Activity
Would you retype the listing word for word, skipping its pictures?

Data extract
»»
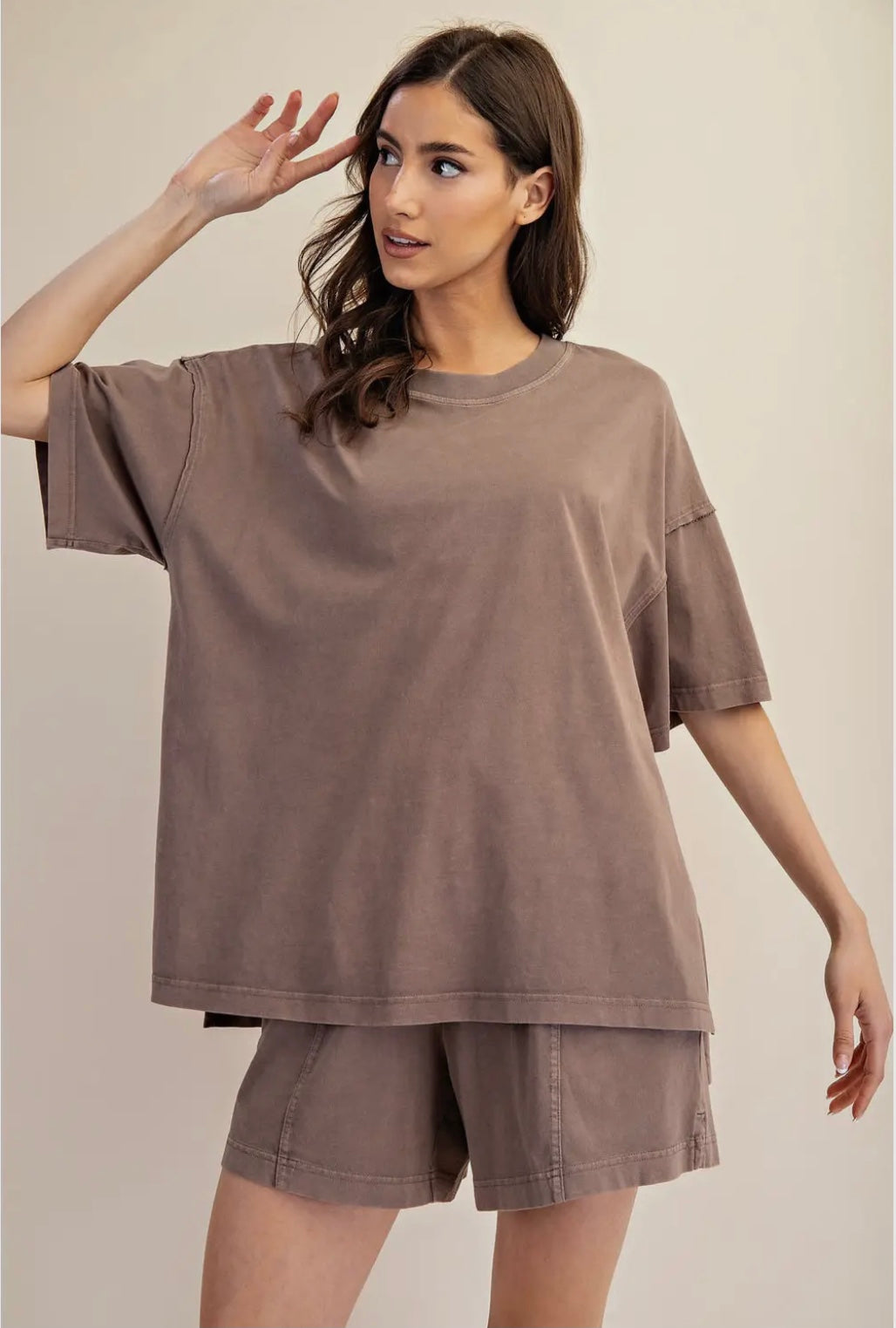 Mineral Washed Cotton Oversize Slit Tee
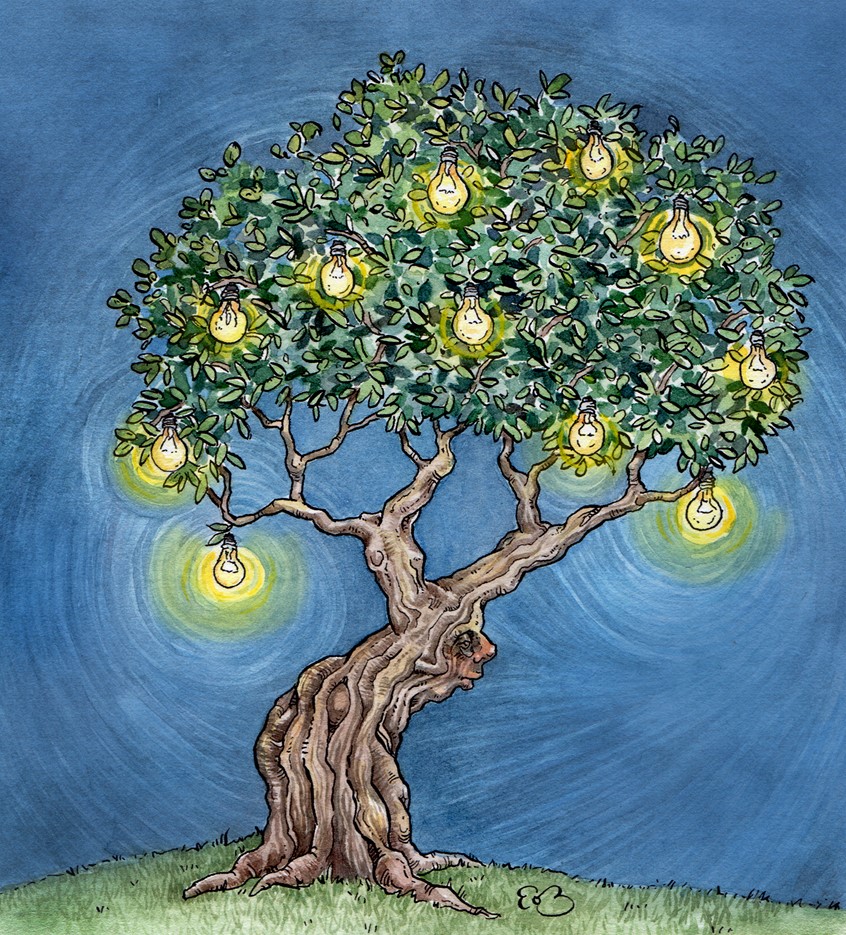 illustration of A whimsical tree full of glowing lights. Medium: ink and watercolor.
Children's illustration, picture books, children's publishing, kids books, fairy tale, tree with face, lightbulb, night.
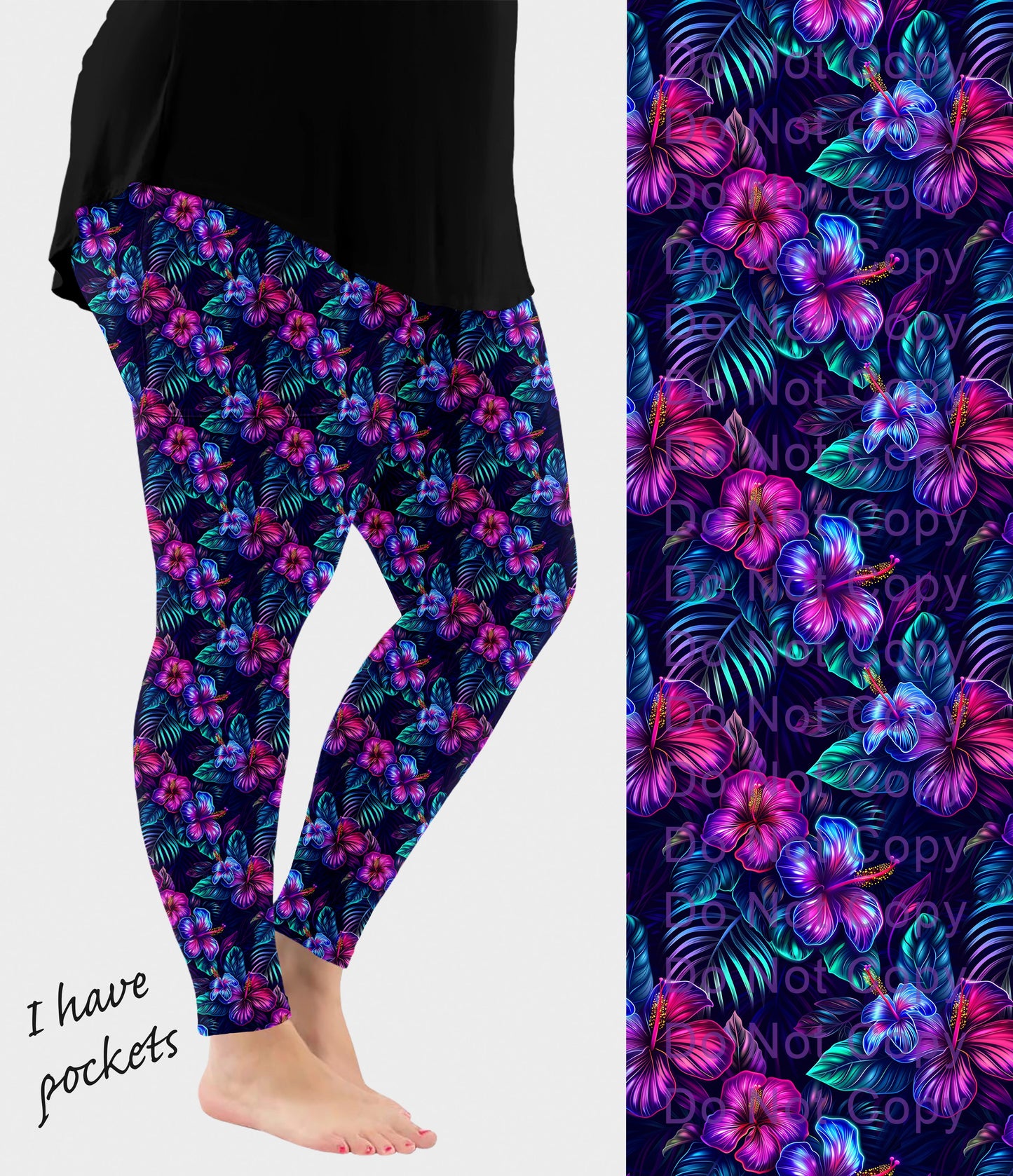 RTS - Midnight Hibiscus Leggings with Pockets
««
Finished task
 Mineral Washed Cotton Oversize Slit Tee
 illustration of A whimsical tree full of glowing lights. Medium: ink and watercolor.
Children's illustration, picture books, children's publishing, kids books, fairy tale, tree with face, lightbulb, night.
 RTS - Midnight Hibiscus Leggings with Pockets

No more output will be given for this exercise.